Input data:
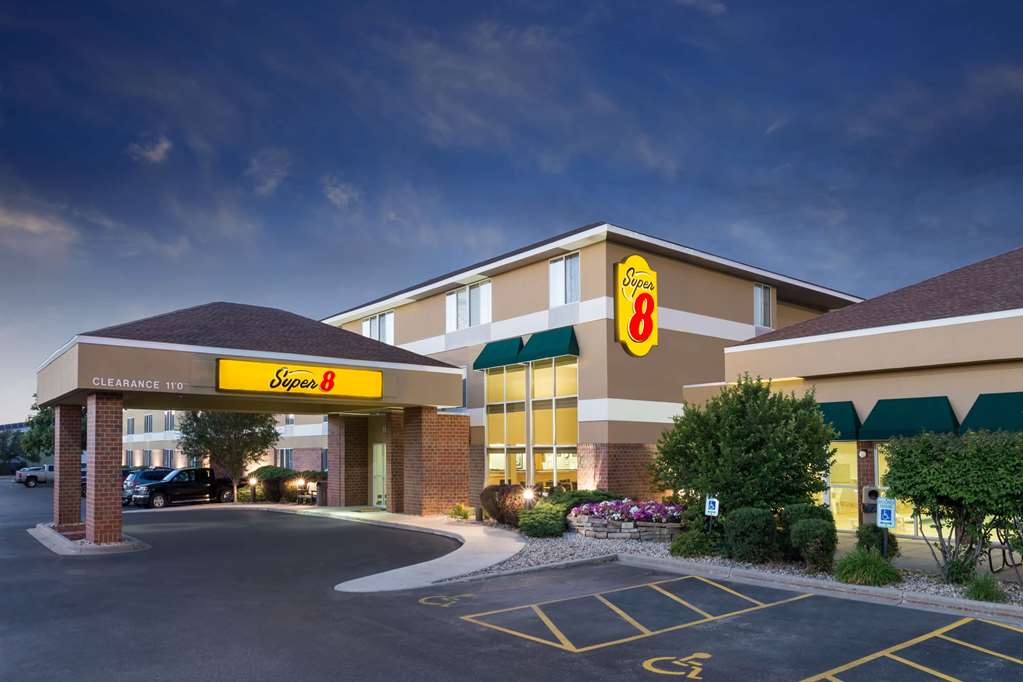 Super 8 by Wyndham Madison South - photo 2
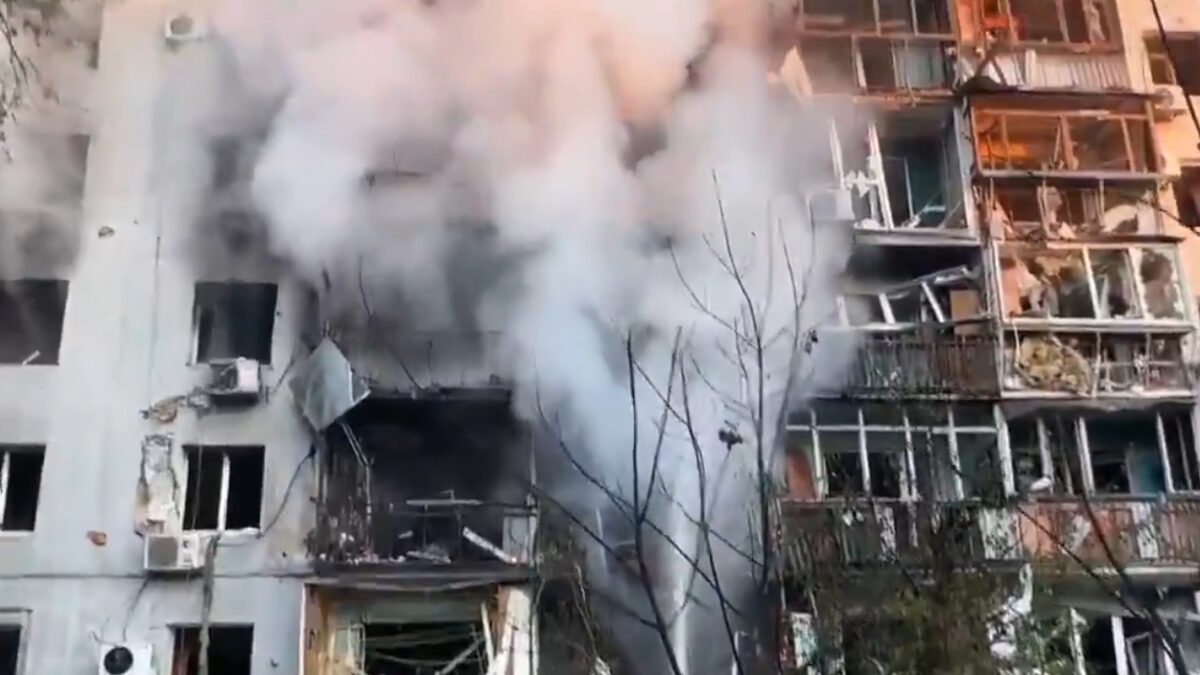 Κατεστραμμένη πολυκατοικία από βομβαρδισμούς στο Κίεβο
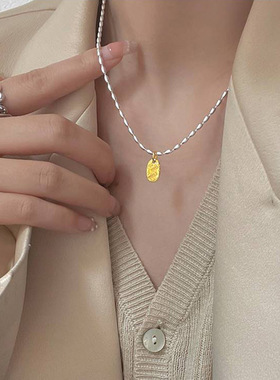 法国coss kokolove字母椭圆吊坠橄榄珠米粒项链女年新潮锁骨链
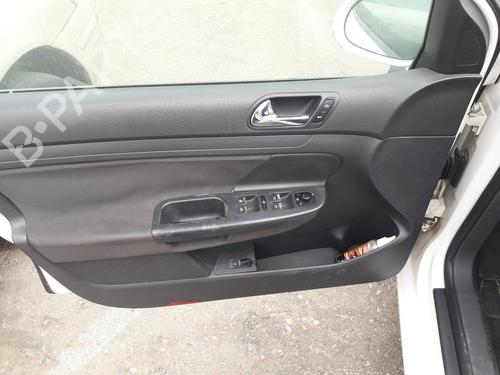 Oliekøler VW GOLF V (1K1) 1.6 FSI | BP14237274M33 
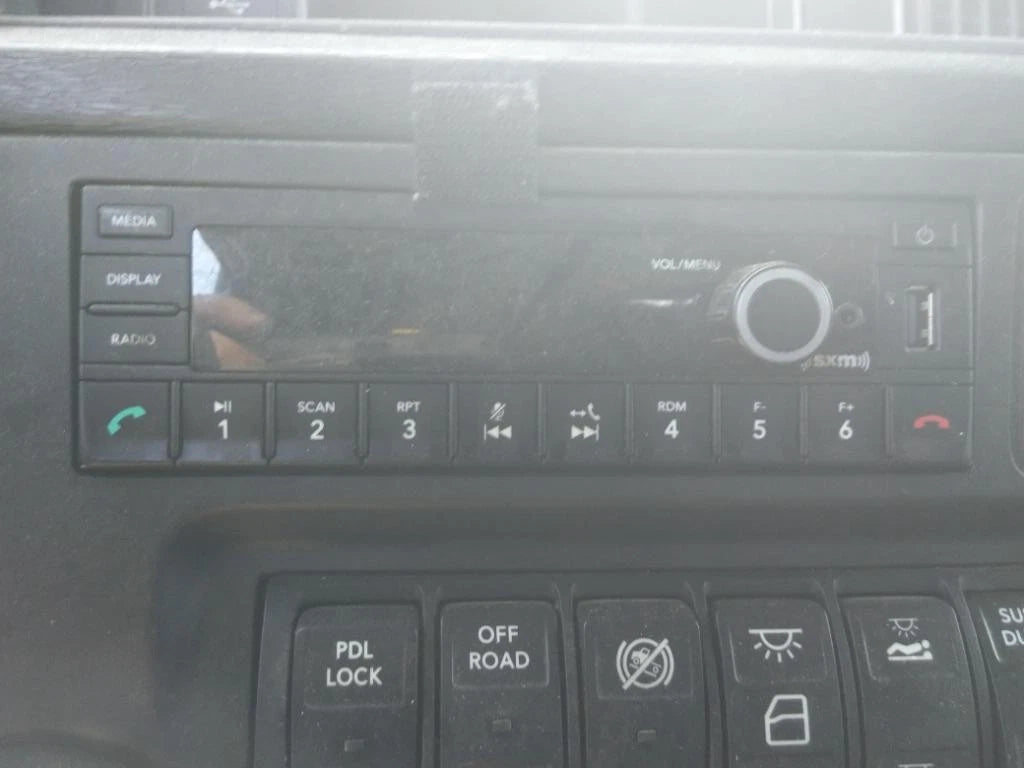 AM/FM/Bluetooth Radio for International LT (2021)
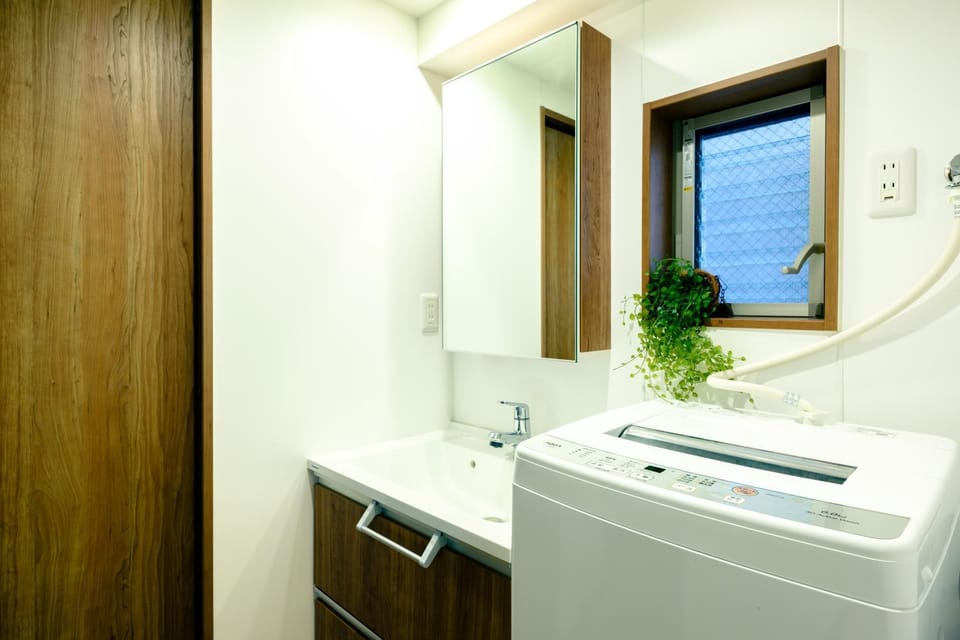 Home n Lounge Apartment in Shinjuku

What is being asked:
Return all of the material exactly, without pictures.

Reply:
 Super 8 by Wyndham Madison South - photo 2
 Κατεστραμμένη πολυκατοικία από βομβαρδισμούς στο Κίεβο
 法国coss kokolove字母椭圆吊坠橄榄珠米粒项链女年新潮锁骨链
 Oliekøler VW GOLF V (1K1) 1.6 FSI | BP14237274M33 
 AM/FM/Bluetooth Radio for International LT (2021)
 Home n Lounge Apartment in Shinjuku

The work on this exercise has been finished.